Single by Little Birdy

from the album Confetti
- Released: April 2009
- Genre: Indie rock
- Length: 3:39:00
- Label: Eleven/Universal
- Songwriter(s): Katy Steele
- Producer(s): Steve Schram, Little Birdy

Little Birdy singles chronology
| "After Dark" (2007) | "Brother" (2009) | "Summarize" (2009) |

= Brother (Little Birdy song) =

"Brother" is the first single released from Australian indie rock band Little Birdy's third studio album, Confetti. The song reached No. 90 on the Australian Singles Chart, and polled at No. 34 on the Triple J Hottest 100 of 2009. Originally offered as a free download, the song is also the fifth track on the "Summarize" single.

== Background ==

The song is written by singer and guitarist Katy Steele and features Paul Kelly on backing vocals and harmonica, but for live performances and in the music video for the song, bassist Scott ('Barney') O'Donoghue plays the harmonica.

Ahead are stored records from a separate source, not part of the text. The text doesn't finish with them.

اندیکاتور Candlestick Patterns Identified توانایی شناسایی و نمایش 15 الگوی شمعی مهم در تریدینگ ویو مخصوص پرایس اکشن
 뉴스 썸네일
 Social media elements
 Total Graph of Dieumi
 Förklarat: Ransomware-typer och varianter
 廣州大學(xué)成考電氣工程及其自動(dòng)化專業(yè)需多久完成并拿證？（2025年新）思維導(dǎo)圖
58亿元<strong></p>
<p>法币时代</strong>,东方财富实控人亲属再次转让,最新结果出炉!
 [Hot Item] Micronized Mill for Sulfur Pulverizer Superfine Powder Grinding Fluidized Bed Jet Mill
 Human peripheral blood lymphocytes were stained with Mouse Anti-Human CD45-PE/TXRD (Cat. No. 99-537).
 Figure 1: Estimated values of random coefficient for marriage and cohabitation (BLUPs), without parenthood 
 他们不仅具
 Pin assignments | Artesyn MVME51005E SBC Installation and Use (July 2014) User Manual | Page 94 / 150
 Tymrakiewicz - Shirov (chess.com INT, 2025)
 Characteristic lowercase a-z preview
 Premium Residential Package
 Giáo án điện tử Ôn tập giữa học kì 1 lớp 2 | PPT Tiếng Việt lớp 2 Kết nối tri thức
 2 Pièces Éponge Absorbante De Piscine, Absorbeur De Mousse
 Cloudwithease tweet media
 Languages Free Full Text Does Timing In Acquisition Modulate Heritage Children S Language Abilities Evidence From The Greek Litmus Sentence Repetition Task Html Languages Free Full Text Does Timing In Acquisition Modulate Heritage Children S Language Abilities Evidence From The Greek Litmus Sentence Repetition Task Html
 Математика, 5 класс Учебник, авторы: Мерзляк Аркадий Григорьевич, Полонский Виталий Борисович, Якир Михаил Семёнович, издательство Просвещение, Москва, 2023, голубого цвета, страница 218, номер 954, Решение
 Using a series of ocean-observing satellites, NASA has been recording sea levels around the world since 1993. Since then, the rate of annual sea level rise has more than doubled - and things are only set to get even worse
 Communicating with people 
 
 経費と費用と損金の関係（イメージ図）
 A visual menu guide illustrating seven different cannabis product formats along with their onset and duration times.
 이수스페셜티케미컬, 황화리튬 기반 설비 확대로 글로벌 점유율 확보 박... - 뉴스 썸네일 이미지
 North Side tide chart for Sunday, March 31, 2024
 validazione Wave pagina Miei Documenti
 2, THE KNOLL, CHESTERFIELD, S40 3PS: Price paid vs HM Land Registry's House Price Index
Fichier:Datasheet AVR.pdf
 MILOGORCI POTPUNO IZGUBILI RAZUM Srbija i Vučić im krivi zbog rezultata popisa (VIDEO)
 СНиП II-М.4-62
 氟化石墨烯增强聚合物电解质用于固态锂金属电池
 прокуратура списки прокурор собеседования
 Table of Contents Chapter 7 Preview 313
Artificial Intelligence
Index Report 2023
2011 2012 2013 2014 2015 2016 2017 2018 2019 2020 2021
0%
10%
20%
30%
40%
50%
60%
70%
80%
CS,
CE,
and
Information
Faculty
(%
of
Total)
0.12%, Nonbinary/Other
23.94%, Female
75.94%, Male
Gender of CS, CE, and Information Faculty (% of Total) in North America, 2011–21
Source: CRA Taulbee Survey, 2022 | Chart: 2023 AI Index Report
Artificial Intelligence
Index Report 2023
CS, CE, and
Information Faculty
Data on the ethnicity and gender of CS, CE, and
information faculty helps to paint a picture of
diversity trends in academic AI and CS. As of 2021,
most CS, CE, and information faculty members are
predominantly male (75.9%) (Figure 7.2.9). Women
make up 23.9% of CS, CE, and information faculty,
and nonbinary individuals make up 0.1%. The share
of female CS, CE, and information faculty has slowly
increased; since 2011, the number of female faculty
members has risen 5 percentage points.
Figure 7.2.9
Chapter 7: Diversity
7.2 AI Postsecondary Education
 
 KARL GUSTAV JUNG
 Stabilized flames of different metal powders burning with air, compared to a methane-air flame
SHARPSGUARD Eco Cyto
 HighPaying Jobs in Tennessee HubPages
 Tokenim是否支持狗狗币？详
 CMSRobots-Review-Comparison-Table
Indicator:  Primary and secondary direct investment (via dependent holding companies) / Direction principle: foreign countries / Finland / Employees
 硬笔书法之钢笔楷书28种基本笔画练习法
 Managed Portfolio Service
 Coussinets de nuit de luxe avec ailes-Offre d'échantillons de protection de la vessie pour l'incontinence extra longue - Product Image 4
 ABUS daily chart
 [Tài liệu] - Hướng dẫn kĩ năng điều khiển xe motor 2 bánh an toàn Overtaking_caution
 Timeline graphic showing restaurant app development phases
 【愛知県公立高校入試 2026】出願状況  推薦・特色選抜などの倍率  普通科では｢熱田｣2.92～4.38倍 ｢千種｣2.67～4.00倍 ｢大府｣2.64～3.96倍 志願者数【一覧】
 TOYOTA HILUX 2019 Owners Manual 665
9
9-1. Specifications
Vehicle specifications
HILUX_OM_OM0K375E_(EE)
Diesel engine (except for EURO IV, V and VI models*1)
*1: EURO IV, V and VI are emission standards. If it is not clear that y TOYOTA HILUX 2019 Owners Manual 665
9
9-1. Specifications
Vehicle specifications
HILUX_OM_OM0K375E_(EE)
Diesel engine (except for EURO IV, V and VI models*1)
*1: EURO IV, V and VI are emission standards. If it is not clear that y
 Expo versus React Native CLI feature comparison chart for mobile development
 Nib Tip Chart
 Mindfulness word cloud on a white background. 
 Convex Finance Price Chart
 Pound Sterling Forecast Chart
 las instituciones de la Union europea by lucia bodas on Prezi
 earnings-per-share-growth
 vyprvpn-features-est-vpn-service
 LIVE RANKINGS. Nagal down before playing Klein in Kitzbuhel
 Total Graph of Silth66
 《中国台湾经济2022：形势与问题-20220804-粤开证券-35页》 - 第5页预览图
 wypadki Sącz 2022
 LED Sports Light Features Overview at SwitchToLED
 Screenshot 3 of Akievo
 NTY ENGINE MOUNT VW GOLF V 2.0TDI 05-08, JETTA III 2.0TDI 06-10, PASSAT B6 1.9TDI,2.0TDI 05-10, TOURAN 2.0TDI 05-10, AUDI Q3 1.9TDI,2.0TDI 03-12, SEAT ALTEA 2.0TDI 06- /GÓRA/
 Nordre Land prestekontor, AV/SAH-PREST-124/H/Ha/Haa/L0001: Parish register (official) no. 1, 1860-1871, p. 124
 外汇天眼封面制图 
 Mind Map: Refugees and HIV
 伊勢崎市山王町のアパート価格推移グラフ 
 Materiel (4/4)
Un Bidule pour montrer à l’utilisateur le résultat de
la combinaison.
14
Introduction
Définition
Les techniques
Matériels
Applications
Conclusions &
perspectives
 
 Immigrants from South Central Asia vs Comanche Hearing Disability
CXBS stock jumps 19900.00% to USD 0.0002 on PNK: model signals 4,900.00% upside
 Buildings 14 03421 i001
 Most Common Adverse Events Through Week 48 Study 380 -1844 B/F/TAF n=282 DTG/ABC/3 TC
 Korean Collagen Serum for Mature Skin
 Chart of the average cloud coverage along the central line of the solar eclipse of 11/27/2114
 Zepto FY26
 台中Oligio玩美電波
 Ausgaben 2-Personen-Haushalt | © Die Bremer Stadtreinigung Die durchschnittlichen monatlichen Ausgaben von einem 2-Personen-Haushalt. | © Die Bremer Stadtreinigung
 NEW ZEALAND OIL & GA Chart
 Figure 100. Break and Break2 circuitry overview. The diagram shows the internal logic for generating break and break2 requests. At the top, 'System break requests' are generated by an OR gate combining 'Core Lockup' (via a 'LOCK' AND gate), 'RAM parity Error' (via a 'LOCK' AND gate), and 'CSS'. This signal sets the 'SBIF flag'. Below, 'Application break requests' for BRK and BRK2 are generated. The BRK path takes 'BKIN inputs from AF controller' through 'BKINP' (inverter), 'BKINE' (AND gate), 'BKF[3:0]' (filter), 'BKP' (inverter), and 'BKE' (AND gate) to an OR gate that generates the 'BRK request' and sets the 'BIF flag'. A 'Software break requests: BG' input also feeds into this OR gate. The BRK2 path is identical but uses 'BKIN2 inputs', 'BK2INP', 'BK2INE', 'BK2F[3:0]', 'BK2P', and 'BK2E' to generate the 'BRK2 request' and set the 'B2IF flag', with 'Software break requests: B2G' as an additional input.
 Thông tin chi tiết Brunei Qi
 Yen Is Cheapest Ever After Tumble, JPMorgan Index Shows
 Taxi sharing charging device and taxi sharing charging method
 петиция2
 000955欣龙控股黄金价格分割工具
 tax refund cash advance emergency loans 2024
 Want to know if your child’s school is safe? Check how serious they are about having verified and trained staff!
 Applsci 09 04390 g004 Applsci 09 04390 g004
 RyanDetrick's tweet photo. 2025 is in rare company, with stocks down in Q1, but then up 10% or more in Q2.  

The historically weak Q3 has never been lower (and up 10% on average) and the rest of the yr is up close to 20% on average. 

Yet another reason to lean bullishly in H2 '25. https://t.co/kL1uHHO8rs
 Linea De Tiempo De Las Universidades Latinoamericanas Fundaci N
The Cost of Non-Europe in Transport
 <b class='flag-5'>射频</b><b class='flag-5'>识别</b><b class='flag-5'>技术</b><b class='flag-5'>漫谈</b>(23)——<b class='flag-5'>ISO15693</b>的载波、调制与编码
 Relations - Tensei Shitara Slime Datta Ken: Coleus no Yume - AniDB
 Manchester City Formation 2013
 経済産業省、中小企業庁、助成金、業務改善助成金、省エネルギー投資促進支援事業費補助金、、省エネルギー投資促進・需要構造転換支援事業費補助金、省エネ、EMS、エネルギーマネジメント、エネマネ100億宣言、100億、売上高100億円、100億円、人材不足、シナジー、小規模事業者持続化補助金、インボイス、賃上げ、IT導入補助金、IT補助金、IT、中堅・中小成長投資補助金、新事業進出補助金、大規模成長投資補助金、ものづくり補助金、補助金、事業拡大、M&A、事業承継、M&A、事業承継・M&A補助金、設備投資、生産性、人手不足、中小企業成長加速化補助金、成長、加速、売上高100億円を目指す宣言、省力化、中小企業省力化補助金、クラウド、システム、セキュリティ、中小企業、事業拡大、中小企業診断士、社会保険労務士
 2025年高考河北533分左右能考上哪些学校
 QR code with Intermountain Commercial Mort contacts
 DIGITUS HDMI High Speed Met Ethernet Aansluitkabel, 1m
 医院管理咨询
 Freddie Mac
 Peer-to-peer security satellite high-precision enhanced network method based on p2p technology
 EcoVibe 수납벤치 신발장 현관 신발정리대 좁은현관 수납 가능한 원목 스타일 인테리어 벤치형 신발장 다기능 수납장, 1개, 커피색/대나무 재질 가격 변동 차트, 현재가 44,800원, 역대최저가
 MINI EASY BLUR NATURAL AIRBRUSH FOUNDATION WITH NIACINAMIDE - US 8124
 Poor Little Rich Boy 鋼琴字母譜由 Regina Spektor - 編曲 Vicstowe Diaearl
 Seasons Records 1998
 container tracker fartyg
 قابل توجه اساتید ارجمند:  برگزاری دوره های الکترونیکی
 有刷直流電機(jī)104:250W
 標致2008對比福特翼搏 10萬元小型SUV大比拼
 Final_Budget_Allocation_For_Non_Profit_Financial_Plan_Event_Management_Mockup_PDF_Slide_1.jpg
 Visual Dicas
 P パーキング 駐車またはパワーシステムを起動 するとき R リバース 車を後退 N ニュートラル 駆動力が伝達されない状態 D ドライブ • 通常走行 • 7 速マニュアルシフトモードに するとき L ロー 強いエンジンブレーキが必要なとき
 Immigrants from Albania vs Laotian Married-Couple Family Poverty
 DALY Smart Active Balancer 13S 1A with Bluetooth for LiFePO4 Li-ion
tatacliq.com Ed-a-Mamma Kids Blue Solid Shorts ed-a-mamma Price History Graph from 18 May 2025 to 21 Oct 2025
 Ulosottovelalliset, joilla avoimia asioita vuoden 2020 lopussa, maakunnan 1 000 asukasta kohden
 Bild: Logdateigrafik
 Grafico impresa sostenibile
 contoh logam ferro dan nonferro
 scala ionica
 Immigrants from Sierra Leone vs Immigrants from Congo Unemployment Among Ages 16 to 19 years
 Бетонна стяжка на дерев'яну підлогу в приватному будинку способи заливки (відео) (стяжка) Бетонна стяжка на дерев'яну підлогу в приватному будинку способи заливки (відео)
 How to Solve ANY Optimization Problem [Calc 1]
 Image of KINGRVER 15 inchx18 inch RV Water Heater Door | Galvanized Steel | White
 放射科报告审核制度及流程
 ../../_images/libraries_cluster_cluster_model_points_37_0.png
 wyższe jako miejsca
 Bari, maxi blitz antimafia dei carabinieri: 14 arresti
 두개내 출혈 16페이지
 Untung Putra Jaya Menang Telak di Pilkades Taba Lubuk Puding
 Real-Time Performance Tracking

The experience of working with Paul just reminded me of why he’s such a legend. It wasn’t like he just rocked up to the studio to do a session – he really poured everything into it. We kinda felt like he joined our band for that day and that was a pretty great feeling.
— Katy Steele

The song, according to Matt Chequer, was a last minute addition to the album while the band recorded at Melbourne's Sing Sing Studios.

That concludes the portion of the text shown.